What We Lose in Winning the Test Score Race
Dr. Olaf Jorgenson
Posted May 17, 2012
To achieve perpetually better test results each year as mandated by the No Child Left Behind Act, teachers in successful schools like Leroy Anderson Elementary in San José, California, will “try anything” to raise scores, as the school’s principal stated in her interview with "The San José Mercury News." In schools across my state for the past decade, the same single-minded determination to improve outcomes feeds a relentless focus on teaching to the test that, to the dismay of many teachers, builds low-level skills such as memorization and recall at the expense of higher-order aptitudes—and at a tremendous cost to our community and future.
None of this is news to us. We’ve read the studies demonstrating that success on standardized tests rests heavily on such independent variables as a child’s socioeconomic status and the education level of his or her parents — factors that have nothing to do with the quality of schools or teachers. As the ever-provocative Alfie Kohn often tells conference audiences, the single best predictor of success on a standardized test is a child’s ZIP code. Children of affluent, educated parents are the best test takers. No amount of school improvement will impact the root societal causes of the “achievement gap,” although our public schools invest incomprehensible amounts of time, tax revenue, and effort to make a difference.

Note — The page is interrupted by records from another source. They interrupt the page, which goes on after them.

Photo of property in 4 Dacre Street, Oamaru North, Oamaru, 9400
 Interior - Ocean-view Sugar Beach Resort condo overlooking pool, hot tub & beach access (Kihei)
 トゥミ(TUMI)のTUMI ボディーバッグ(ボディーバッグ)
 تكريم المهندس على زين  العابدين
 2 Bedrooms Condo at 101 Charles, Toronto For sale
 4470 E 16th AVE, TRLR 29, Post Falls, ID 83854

Most educators and many parents know that authentic learning involves much more than perpetually improving test results. To argue that one test score can represent a child’s learning is rather like saying a doctor can determine a patient’s overall health using only a tongue depressor.
Sit, Get, Spit, Forget
What don’t standardized test scores measure? We know that they don’t measure a child’s creative ability. They don’t require children to research, explain, debate, elaborate, present, rebut or improvise. They don’t demand public-speaking skills. They don’t reflect decades of research demonstrating that children come to school with an array of individual learning styles and perhaps nine or more different types of “intelligence,” only one or two of which educators can measure with a paper-and-pencil test.
Further, research points to mounting evidence that certain qualities schools don’t test—such as perseverance, resiliency, and determination—play a role in high academic achievement. Multiple-guess standardized testing can’t reflect character traits that encourage success in school and in later life.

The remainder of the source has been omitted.